Johnson on pregame ceremony: “I was really moved by everything”

The Nationals will mathematically remain alive into their series-opener in St. Louis tomorrow regardless of what happens tonight in the nightcap of the doubleheader between the Nats and Marlins, but this afternoon’s action might’ve effectively ended any real chances the Nats had at a playoff spot.

Their loss combined with the Reds’ win puts the Nats 5 1/2 games back of both Cincinnati and Pittsburgh entering tonight’s game. At best, the Nats will head on the road sitting five games back with six to play. At worst, they’ll be six back with six to play.

It was a tough loss for manager Davey Johnson and his team, but Johnson did get to enjoy a few laughs and some nice moments before the game, when the Nationals held a ceremony recognizing Johnson’s service to the organization and his baseball career as a whole.

Johnson will be moving away from the Nats’ managerial role after this season, so the team honored him with a video montage, messages from former teammates and players he had managed/currently manages, and a Tiffany crystal presented by Nationals ownership.

“It was fun for me. I was really moved by everything,” Johnson said. “Really nicely done. It brought back a lot of old memories. It was fun seeing me in a Japanese uniform again. It was really sweet. I was really moved by it. The guys were great. I felt like when it was over I should take off my uniform and go crawl in a hole somewhere. It was nice.

“I’m uncomfortable getting an award any way. The tribute was real moving for me, I mean it took me way back. That was the old Tinker Field, I was mingling with all the big leaguers and I was just 10 years old.
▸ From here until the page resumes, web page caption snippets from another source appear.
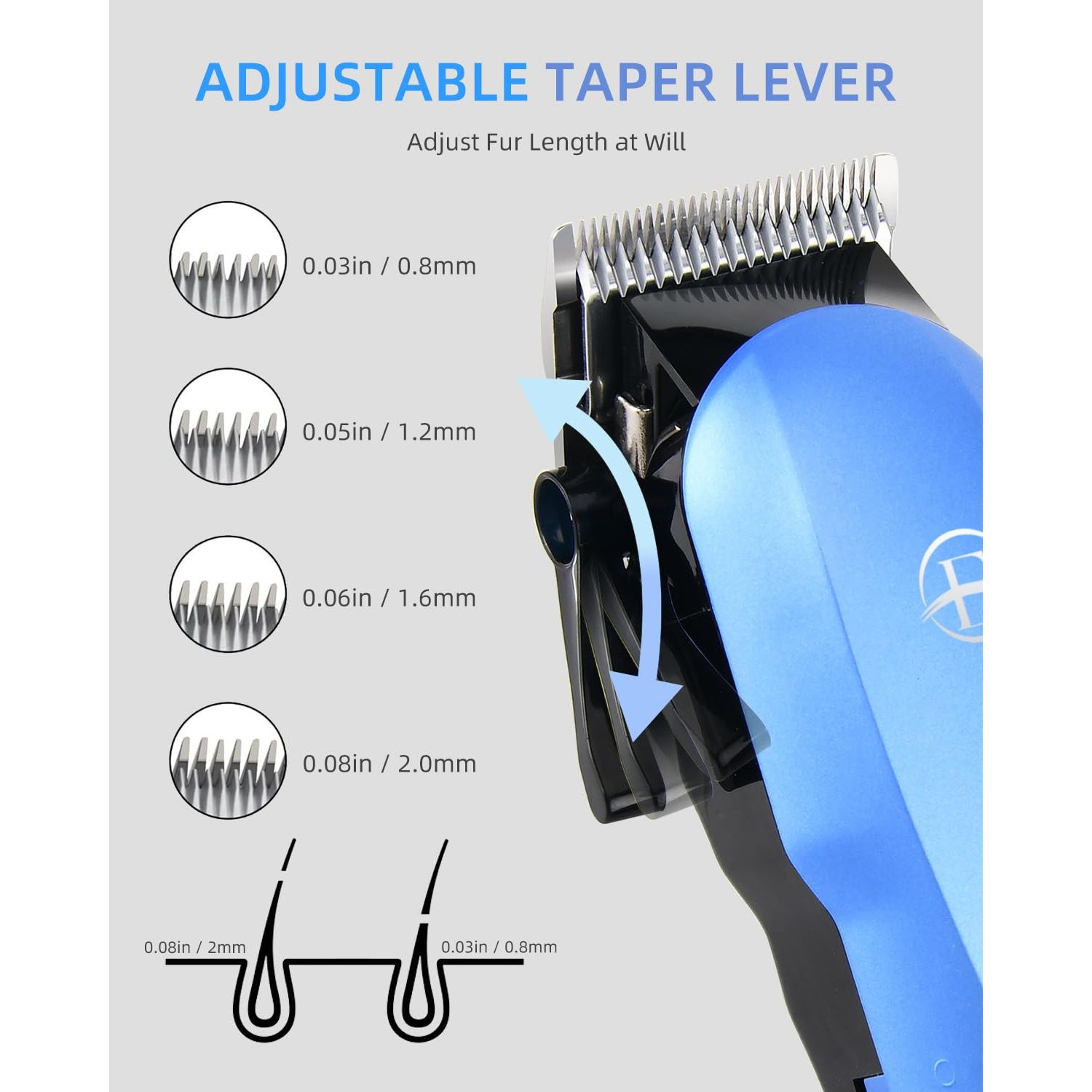 E-Hunter Professional Dog Grooming Clippers Kit, 24V High Power for Thick Coats, Quiet Dog Clippers with 10 Metal Guard Combs & Brush, Ideal Dog Hair Remover for Cats and Pets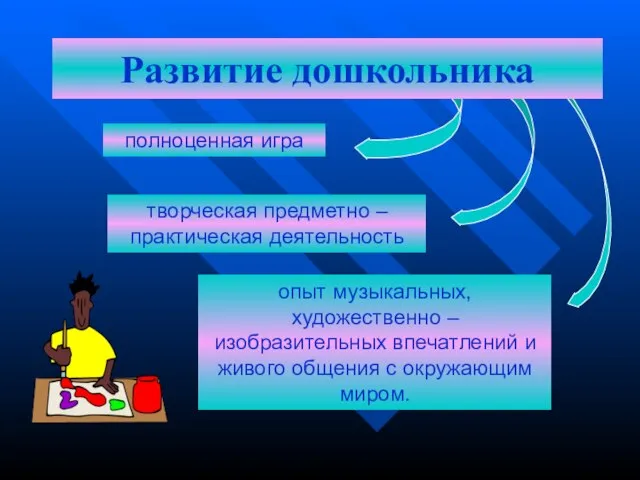 Развитие дошкольника полноценная игра творческая предметно – практическая деятельность опыт музыкальных, художественно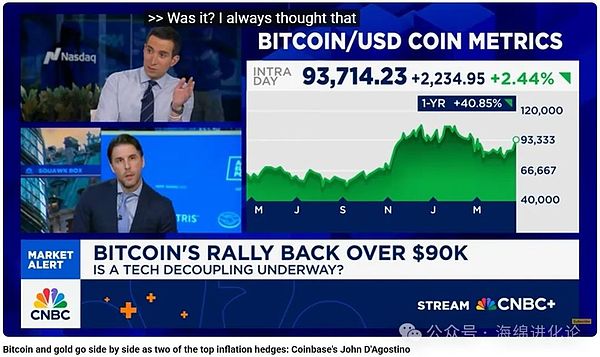 XRP强势反弹：14%周涨幅打破8月阴霾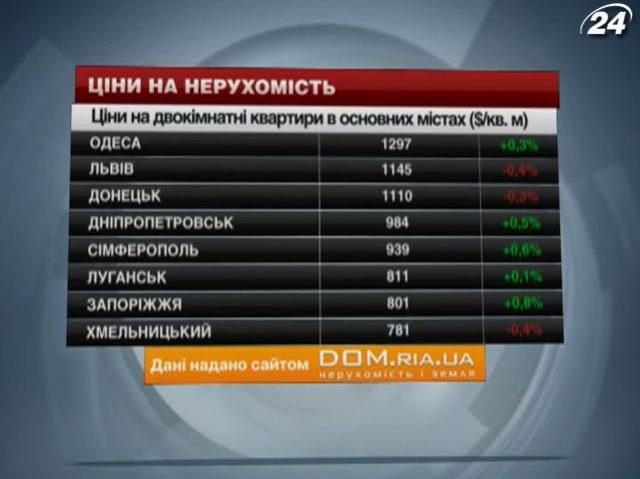 Ціни на нерухомість в основних містах України - 10 листопада 2013 - Телеканал новин 24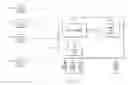 Fig. 04 - FLEET MISSION MANAGEMENT SYSTEM AND METHOD USING HEALTH CAPABILITY DETERMINATION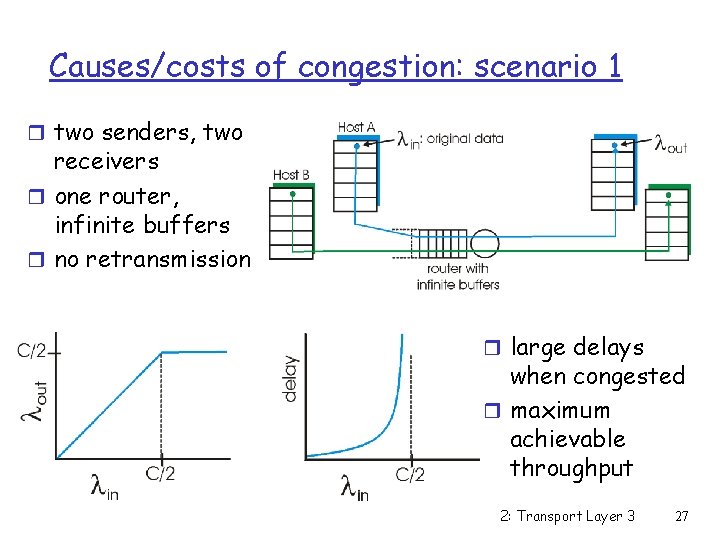 Causes/costs of congestion: scenario 1 r two senders, two receivers r one router, infinite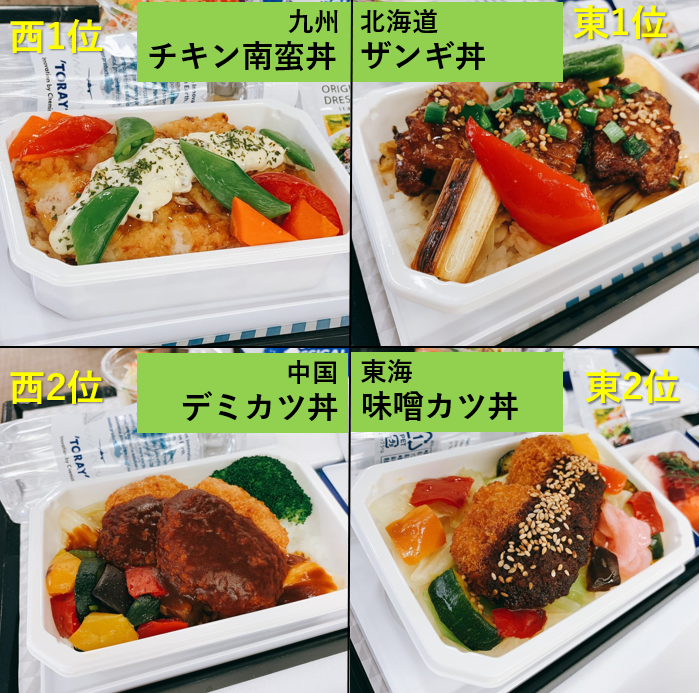 ANA機内食総選挙2019 東西各1位、2位のご当地丼一覧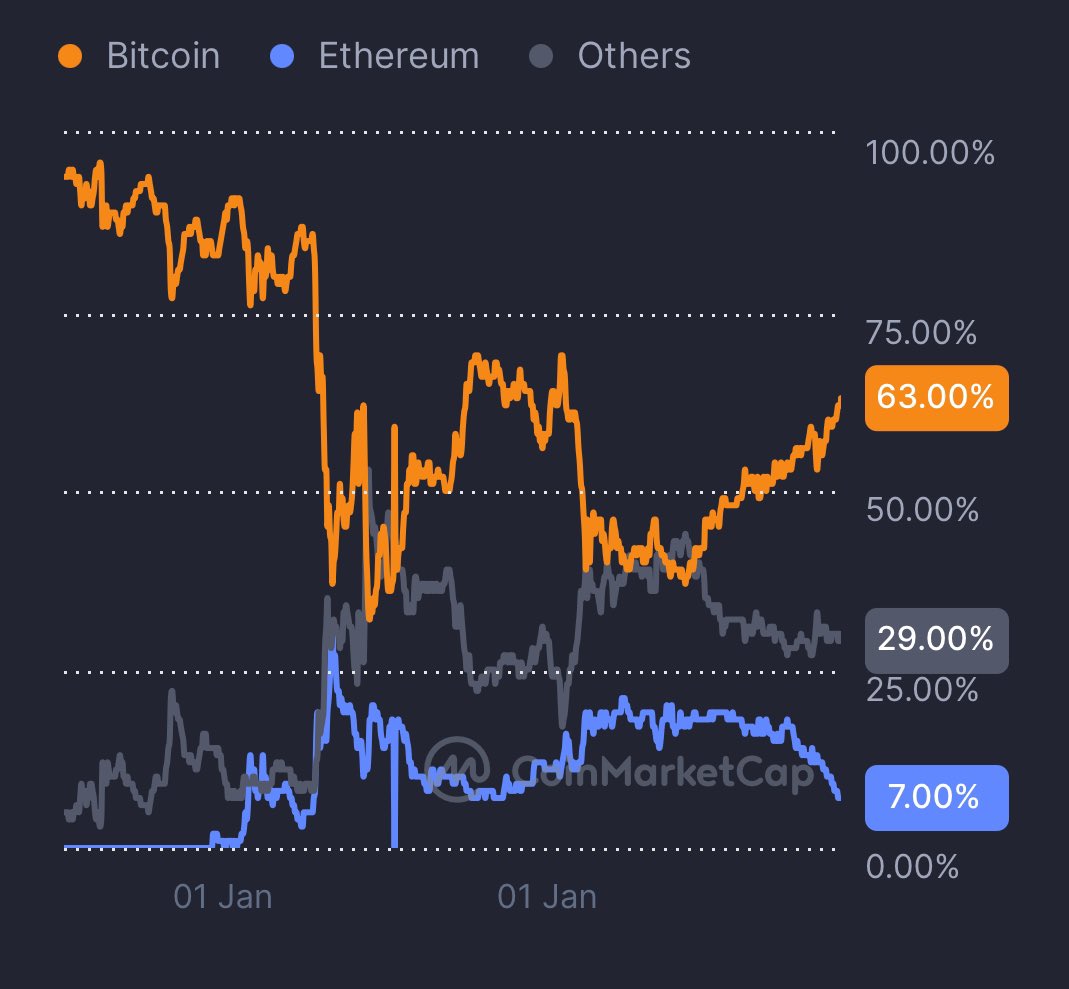 czy_mich's tweet image. Bitcoin’s taking the lead with a 63% market share, while Ethereum’s down to 7% and others sit at 29%, according to CoinMarketCap. 💪

BTC’s ruling the crypto game right now! 👑

#Bitcoin #Crypto #MarketDominance #BTC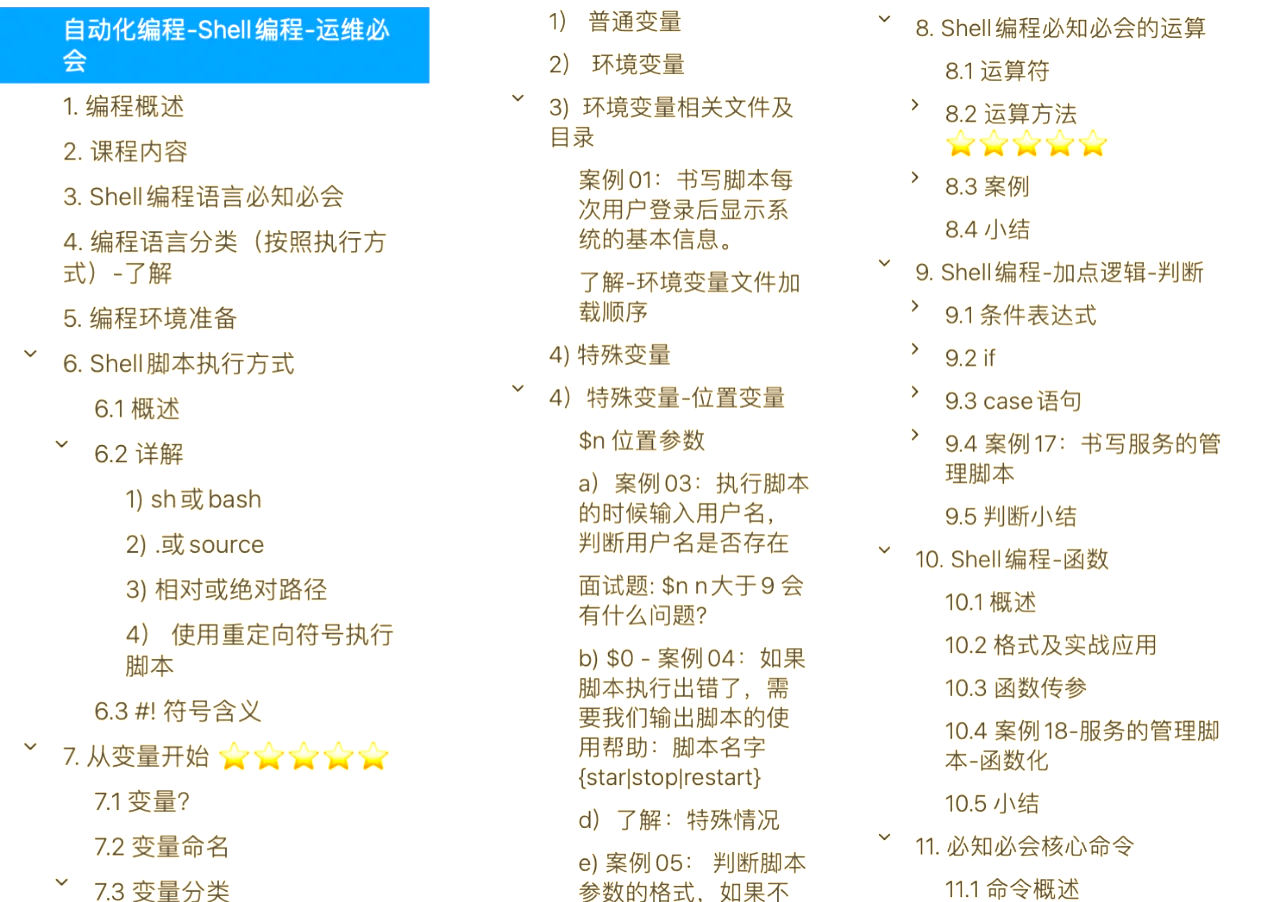 shell获取参数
Here I am going out to pasture managing my favorite team. I like to stay away from those emotions. It got to me.”

Johnson isn’t one for big presentations like this or moments where he’s put in the spotlight. He doesn’t like being elevated above the others with him in the dugout, but he appreciated the moment, especially when all the Nats’ players and coaches came out of the dugout, got in a line and gave turns giving their skipper a hug on the field.

“The players coming out and guys talking about me, that was moving,” Johnson said. “I feel for them greatly. To get something like that coming back makes you happy and sad at the same time.”

During that part of the ceremony, Denard Span approached Johnson on the field and asked him, “You’re not crying behind those shades, are you?”

“And he told me, ‘(Bleep) no,’ ” Span said with a laugh. “But yeah, you could definitely tell that he appreciated just the whole ceremony and us just saluting him off.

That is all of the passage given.